0
votes

In the processus of optimizing and profiling a kernel, I noticed that it's L2 and global cache hit frequency was very low (~1.2 % avg.). My kernel typically reads 4 full cache lines per pass per warp, with 3 blocks per SM (So 4 * 32 * 2 = 256 lines of cache per SM per pass of my kernel, that has a variable pass number). The reads are from different regions of global memory, which is obviously then hard to cache. (The pattern of the regions is A, 32 * B, A .....)

It is then made clear that for data that is so "dispersed" and read only 1 time before moving on, L1/L2 cache is almost useless. To compensate for this vastness in the reads of my kernel, I consider using texture memory, which is "pre-cached" in L1.

Can it be considered "good" practice to do this ?

Side question 1 : If the accesses to that texture are coalesced (supposing row major) does it still has performance gains over non coalesced texture read ?

Side question 2 : As my data is read in a fashion so that each warp reads 1 row, is 2D texture really that useful ? Or is 1D layered texture better for the job ?
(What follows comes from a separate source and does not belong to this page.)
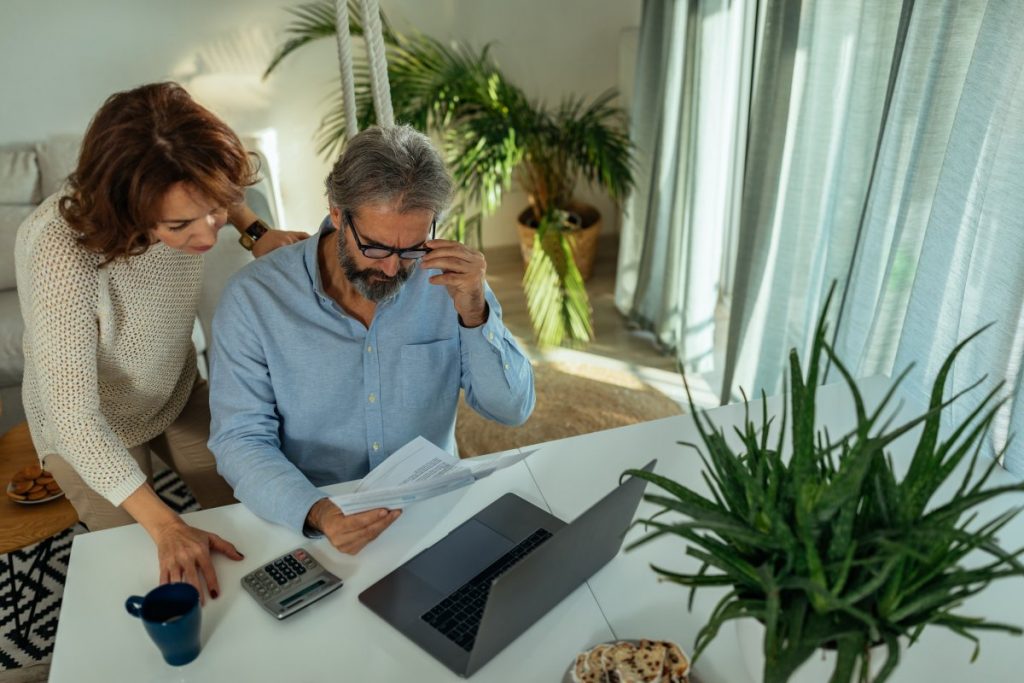 13 Ways to Lower Your Homeowners Insurance Premiums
Sorry if the side questions are already answered elsewhere , they got through my mind will I was writing and a quick research (probably using erroneous vocabulary) did not yield an answer. Sorry if my question is dumb, my literature about CUDA is limited to the nVidia documentations.

1
So you read your data only 1 time and this read is coalesced and cache line aligned? - dari
Yes. It's exactly that, and that was checked by the profiler - Sachiko.Shinozaki
The primary benefit of caching is for (explicit) data reuse i.e. temporal locality (on reuse). The secondary benefit is for spatial locality, effectively trying to use the cache as a prefetch mechanism. I wouldn't expect a huge benefit from this unless you actually have data reuse. There is probably in some cases some smaller gains to be had from the prefetching, but it will be highly code and access pattern dependent whether this alone will provide any benefit. - Robert Crovella
I am actually developing my texture based implementation right now. On some of the variables, i got from 1.2 % to 50 % cache hit (The implementation is still slightly bug-y , so maybe it's just that i'm not fetching the same data). While I don't have cache reuse, my patterns for each warp are crystal clear, which makes it good with texture memory I believe ..? Anyway, I will probably answer here to document about that when I finish the implementation. - Sachiko.Shinozaki

1 Answers

1
votes

Finally, the texture based implementation did not bring much. From what I understand, while the cache rate when up (~50 %) There definitly is an overhead in the cache hierarchy or the texture units.

To retain (not application specific)

Texture memory comes with a slight overhead, that makes it worth it only in the situations where the filtering given is a benefit AND that the whole texture can fit in the caches, allowing 2D perfectly cached memory that is resistant to non-coalesced accesses.